Tuesday, April 22, 2008

New York City Earth Day Bike Ride

Earth Day Bike Action - ASSERT YOUR RIGHT TO BIKE
When: Tuesday, April 22, 6 PM
Where: 5th Ave. entrance to Central Park.
What: Bring flowers, your bike and signs of life.

Here's what Transportation Alternatives' Executive Director John Kaehny writes about the event:
Around the world the bicycle is the symbol of environmental friendliness. Even car companies put bicycles in advertising to greenwash their gas guzzlers. All this belies the everyday reality of NYC riding, where most of us ride alone in a sea of careening cars and trucks. The Earth Day Bike Action is a symbol of our solidarity as bicyclists - a chance to spend some time together, enjoying our strength of numbers. It is also a chance to clearly link bicycling and the environment in the public eye. To T.A. and other urban environmentalists, the fight starts with saving our cities.

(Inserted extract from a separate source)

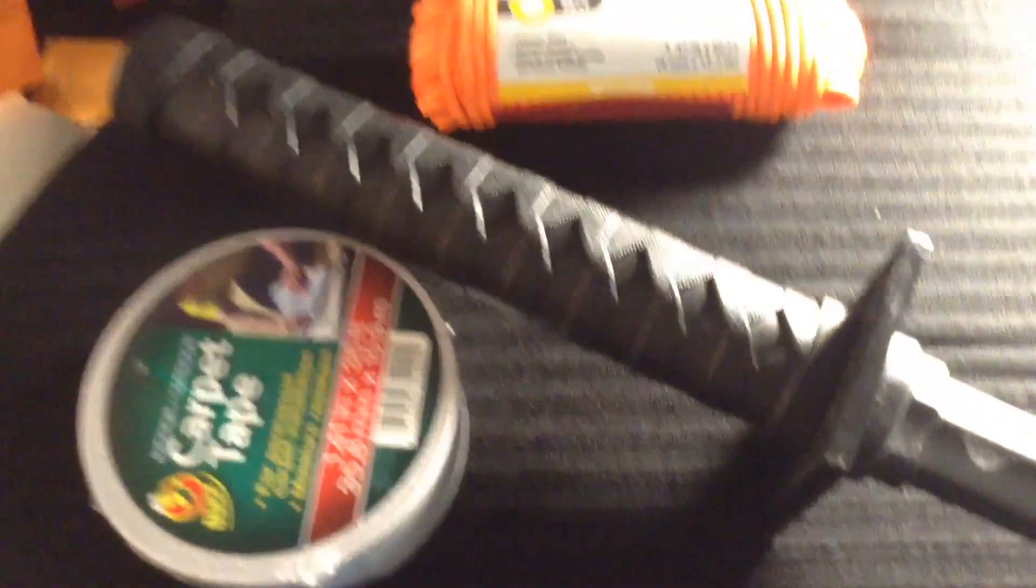So for your sword handle, you're going to need paracord, a sword, double-sided tape, and sharp scissors.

Can you imagine the destruction of scarce open space and wetlands and the sheer amount of pavement 7.5 million New Yorkers scattered suburban-style would consume? The fact is, city dwellers are already doing their part by consuming less of everything, including energy and oil. The problem is that our city and many others are being destroyed in significant part by the automobile and the social dynamic it helps create. Even here, by far the least auto-dependent part of the country, motorized traffic is choking our economy, polluting our air, and crushing our neighborhoods.

Bicycling can help change that. Bicycles offer a flexible and quick form of travel that, combined with good public transit, offer a clean and economical alternative to a keeping a car. In modern cities like Copenhagen, bikes comprise about a third of trips, up from only a tenth two decades ago. This didn’t happen by accident. The Danes adopted policies that made cycling easier and got people out of their cars. Here, reams of plans and lots of lip service have been dedicated to bicycling (and an occasional random venture like the Koch 6th Ave. lane). The reality on the street is that cyclists are often beleaguered by reckless motorists and find it hard to find a safe place to park. In general, cycling is treated with contempt by the powers that be. Last fall’s confiscation of the Queensboro Bridge bike lane is the latest example of cars accommodated at the expense of cyclists.

Not all is gloom and doom. Cycling continues to grow in popularity, and a giant building boom of new greenways will open upóm miles of car-free routes as NYC enters the next Millennium. T.A. is here to make sure that this progress doesn’t falter. Join us April 22 for some fun and camaraderie, and to give the City a push in the right direction.